LL: In New Orleans, we have a definite shotgun architecture aesthetic and a lot of the green building is very angled and modern. Is there a way to combine those two different architectural styles? A way to take the history of building practices here and weave them into green building?

PW: At the basis of green building is incorporating passive design features that are no or low-tech such as siting and shaping the house for natural ventilation or other solutions that bring good practice into the design to begin with. If you don’t take the approach that you are working with the elements of the site as opposed to against them, and instead rely on multiple layers of mechanical and other types of technologies, then you are not taking control over your environment.

For example, you can avoid heat gain by not creating too much exposure through shading strategies including trees, shutters, overhangs, etc. Katrina has given homeowners in this area an opportunity to look at the bones of their houses in order to understand how they work. In past generations the way people lived in our houses was seasonal, and they know how to use the high windows, porches, breezes for their comfort. This art of living has been lost to us.

Our historic building stock is the greenest resource that we have because the energy that it takes to extract, transport and produce building material is already embedded in the house. Reworking an existing building, or reusing materials that are already on site is your greenest option. When you look at historic houses they incorporate excellent passive strategies that are all the rage in green building. Rainwater capture systems, high ceilings and transoms for natural ventilation, overhangs. The challenge for homeowners with historic houses, and I am one of them, is to understand and build on these features.

The shotgun design was focused around allowing breezes to pass through the building in order to create a greater level of comfort for the inhabitants. You can take the same approach with a modern building. Incorporating green building features is usually the same as taking a common sense approach. It comes down to personal choice to whether it looks more or less invasive or modern.

LL: Are there three things that a homeowner can do to make their home more energy efficient?
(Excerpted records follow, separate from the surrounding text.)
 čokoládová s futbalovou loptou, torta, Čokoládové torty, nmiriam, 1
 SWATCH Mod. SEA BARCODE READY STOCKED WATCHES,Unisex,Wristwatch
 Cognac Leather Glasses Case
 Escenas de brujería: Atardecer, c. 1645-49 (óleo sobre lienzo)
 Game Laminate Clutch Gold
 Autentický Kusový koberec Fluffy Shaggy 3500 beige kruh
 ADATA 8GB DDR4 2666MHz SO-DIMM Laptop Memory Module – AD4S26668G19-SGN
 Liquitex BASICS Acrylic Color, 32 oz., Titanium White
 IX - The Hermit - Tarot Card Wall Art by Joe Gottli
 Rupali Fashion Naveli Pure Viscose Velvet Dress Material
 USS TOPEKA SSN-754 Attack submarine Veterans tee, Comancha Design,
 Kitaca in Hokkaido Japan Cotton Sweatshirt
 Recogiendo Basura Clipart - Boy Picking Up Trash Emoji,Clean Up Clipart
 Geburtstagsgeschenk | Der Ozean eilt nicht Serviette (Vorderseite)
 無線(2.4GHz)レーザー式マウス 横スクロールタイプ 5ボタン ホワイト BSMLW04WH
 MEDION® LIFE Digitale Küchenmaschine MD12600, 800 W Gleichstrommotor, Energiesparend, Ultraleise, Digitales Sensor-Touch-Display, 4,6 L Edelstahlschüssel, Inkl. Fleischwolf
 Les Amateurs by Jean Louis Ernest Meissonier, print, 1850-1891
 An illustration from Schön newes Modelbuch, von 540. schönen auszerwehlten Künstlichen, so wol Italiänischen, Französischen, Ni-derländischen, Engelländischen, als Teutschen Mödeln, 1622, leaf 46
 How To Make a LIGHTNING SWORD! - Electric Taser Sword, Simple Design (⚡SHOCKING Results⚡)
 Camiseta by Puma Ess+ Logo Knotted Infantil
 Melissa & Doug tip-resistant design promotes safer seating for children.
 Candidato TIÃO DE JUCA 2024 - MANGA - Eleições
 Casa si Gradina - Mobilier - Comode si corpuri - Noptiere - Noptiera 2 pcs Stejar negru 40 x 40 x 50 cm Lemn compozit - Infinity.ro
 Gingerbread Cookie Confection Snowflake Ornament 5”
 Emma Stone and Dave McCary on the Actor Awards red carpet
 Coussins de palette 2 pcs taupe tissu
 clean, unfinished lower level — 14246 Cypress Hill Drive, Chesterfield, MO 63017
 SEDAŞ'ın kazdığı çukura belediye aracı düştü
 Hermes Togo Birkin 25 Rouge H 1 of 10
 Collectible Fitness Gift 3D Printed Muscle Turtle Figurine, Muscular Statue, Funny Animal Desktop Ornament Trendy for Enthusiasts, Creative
PW: The number one thing is to do a survey of your house and find out where you’re losing your conditioned air. So, if it’s cracks, if it’s windows that aren’t seated correctly, if it’s holes that were drilled for plumbing or other features that aren’t being used or haven’t been patched up, if you are running a leaky duct work system through an unconditioned attic space- all these things are major contributors to unnecessary energy usage in our houses. And they increase the cost of living. The purpose of green building practice is to implement common sense practice in a way that makes the houses are more affordable to run.

The second thing is stopping the heat from coming in the house in the first place. You can do that with a radiant barrier in your attic or in your walls. Or doing what they called a conditioned attic by closing your attic and insulating just below the roof line, so that your duct work and everything is within a cooler space. You can significantly impact heat gain through overhangs, shutters and trees that are shading the outside of your building so you are not getting direct heat.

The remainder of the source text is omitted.